Addis-Abeba, Éthiopie, le 3 février 2019 (CEA) – L’Afrique ne peut se permettre la hausse du coût résultant du manque de paix et de sécurité, déclare ce lundi, la Secrétaire exécutive, de la Commission économique pour l’Afrique (CEA), Vera Songwe.
S’exprimant lors de la 35ème réunion consultative pré-Sommet de la campagne de l’Union africaine, « Le genre est mon agenda (GIMAC) », Mme Songwe, dit qu’un nombre élevé d’armes à feu circulant sur l’ensemble du continent continuent systématiquement de faire taire les voix des femmes, les privant de dignité humaine à des niveaux sans précédent.

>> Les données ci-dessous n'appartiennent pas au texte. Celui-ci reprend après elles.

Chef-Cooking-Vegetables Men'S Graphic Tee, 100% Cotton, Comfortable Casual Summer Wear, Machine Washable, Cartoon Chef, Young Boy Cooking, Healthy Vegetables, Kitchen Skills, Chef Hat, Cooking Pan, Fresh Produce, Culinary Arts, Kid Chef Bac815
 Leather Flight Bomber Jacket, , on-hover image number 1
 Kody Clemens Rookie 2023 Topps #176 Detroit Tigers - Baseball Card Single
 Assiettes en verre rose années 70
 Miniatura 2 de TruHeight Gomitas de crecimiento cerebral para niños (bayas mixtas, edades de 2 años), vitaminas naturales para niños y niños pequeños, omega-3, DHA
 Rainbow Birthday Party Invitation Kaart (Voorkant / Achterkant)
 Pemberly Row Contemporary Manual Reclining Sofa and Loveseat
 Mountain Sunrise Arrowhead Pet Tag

« Les femmes peuvent aider à améliorer la croissance économique de l’Afrique de façon exponentielle et cette croissance peut à son tour aider les femmes africaines alors que nous cherchons à combler l’écart économique entre les hommes et les femmes. Malheureusement, cela ne se matérialisera pas avec des chiffres montrant par exemple que plus de 200 000 femmes ont été violées depuis la deuxième guerre du Congo. Nous devons faire taire les armes maintenant », affirme-t-elle.
Elle ajoute : « Chaque fois que des armes à feu retentissent en Afrique, c’est la petite fille qui en souffre et arrête d’aller à l’école. Les femmes meurent en grand nombre et les abus sexuels liés aux conflits augmentent. Avec ces chiffres, nous ne pourrons sérieusement jamais réaliser l’Agenda 2030 pour le développement durable et l’Agenda 2063, l’Afrique que nous voulons. Nous le savons et nos dirigeants le savent également ».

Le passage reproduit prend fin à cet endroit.